The internal energy of an ideal gas is described by the equation:

\[ U(p,T)=\left(\frac{\# dof}{2}\right) NkT \]

The surfaces represent the internal energy of water vapor:

• The blue surface shows the internal energy as a function of temperature and pressure, \(U(T,p)\), with volume and entropy contours etched into the surface.
• The purple surface shows the internal energy as a function of volume and entropy, \(U(S,V)\), with pressure and temperatures contours etched into the surface.

By examining the plastic surfaces, how can you tell if an ideal gas model is a good model for water vapor?

Answer: The biggest indicator on the p-T surface is if the surface is a plane. On the contour map, this corresponds to the internal energy contours being nearly parallel to the volume axis (constant at constant temperature) AND having the same, constant spacing between them. Also, volume contours are nearly linear (ideal gas law). For an ideal gas on the S-V graph, isotherms should be parallel to and never cross the U contours, i.e. on the purple surface the isotherms are level curves.

Discussion: Sketching a 2D graph of U vs T for an Ideal Gas When working with a contour map, students might benefit from sketching a graph of internal energy vs.temperature for an ideal gas, then sketching a plot of internal energy vs.temperature for water vapor, using the values from the contour map.

Discussion: Linearity The instructor might model the blue surface, describing the features of the surface, including its near-flatness. (Although it is not a perfectly flat, and this can be demonstrating by placing the surface upside down on a flat table, against a small whiteboard, etc.)

Discussion: Applications of the Model One can discuss degrees of freedom and gasses/situations that are typically modeled as ideal.

If you give the students the scaling and the number of particles, they could be able to figure out the approximate degrees of freedom for water vapor (canonically, 9).

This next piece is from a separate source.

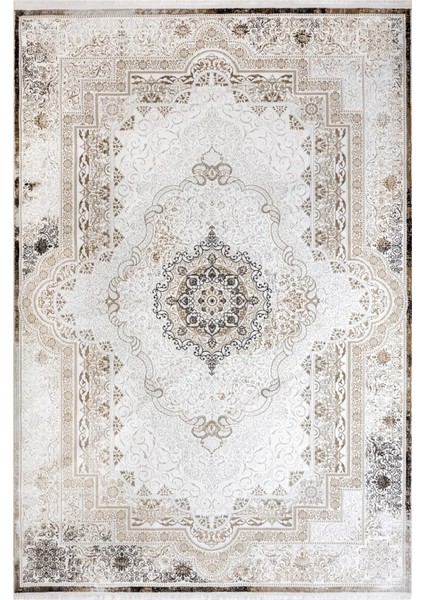 Baris Klasik Bej Mikrofiber Dikdörtgen Modern Desenli Akrilik Hav Vermeyen Leke Tutmayan Kolay Temizlenen Yumuşak Makine Salon Yolluk Mutfak Halı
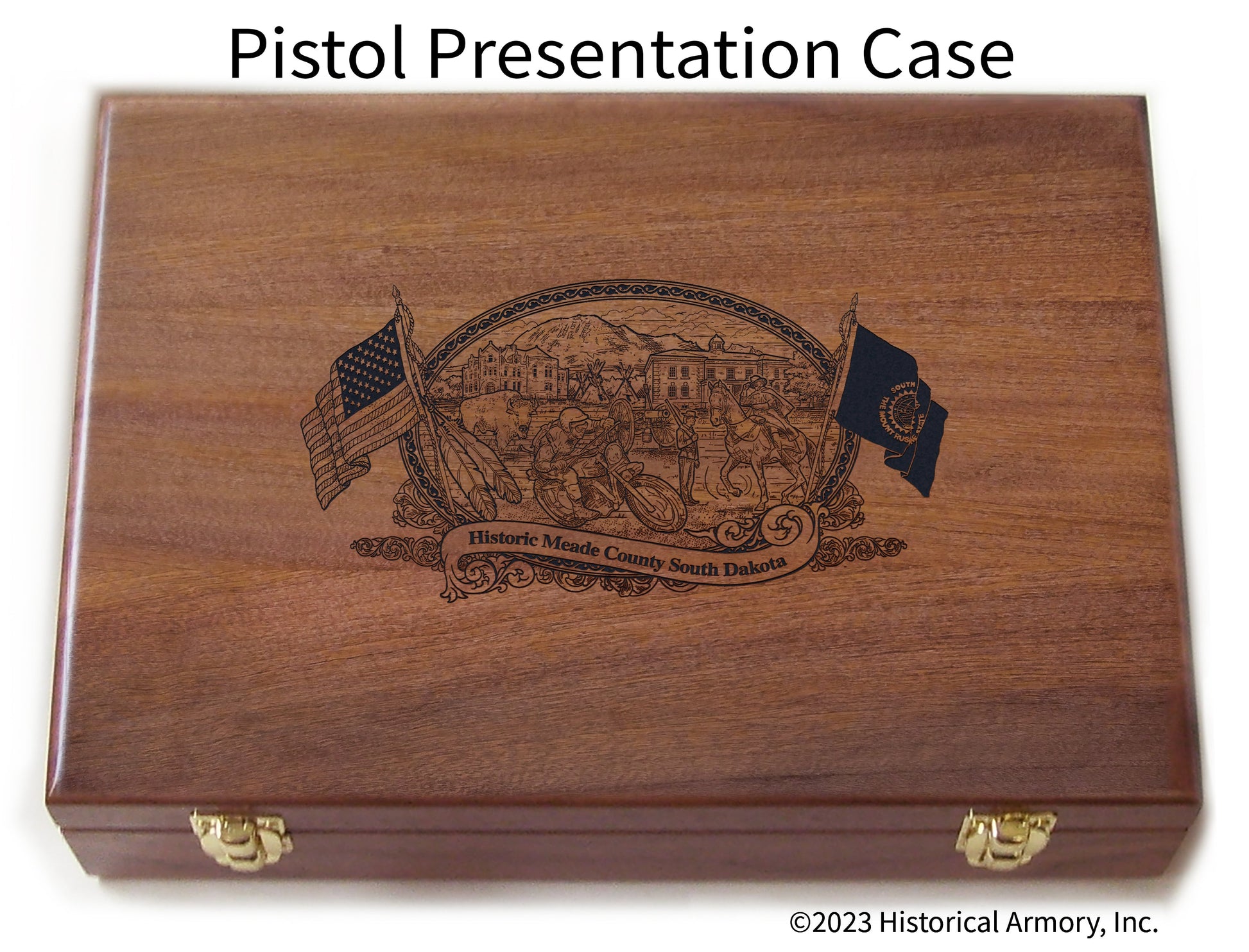 Meade County South Dakota Engraved .45 Auto Ruger 1911 Presentation Case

• 1kg water vapor is 55 mols of water

• Internal Energy	2cm	\(\rightarrow\)	170. kJ
  Temperature	2cm	\(\rightarrow\)	70 K

SUMMARY PAGE

Goals:

• Equation and definition of an Ideal Gas
• Students explore what it would mean for something to be an ideal gas or a good approximation of an ideal gas
• Students might discuss the difference between temperature and internal energy
• Can discuss degrees of freedom

Time Estimate: 15-30 minutes

Tools and Equipment:

• Purple and Blue Thermo surfaces for each group
• Remote Option: Ideal Gas Contour Maps
• Student handout for each student
• A personal or shared writing space for each student to write/draw/sketch

Intro:

• Students should be familiar with the basic definitions of pressure, volume, temperature, and internal energy

Whole Class Discussion:

• A whole class discussion should elicit student ideas about how to determine if a system fits the ideal gas model perfectly, and when the ideal gas model is a “good" fit.
• Compare and contrast how the ideal gas relationships appear on the blue vs purple surface. In particular, U \(\propto\) T - blue surface is a plane; on the purple (and blue) surface the temperature and internal energy contours are parallel.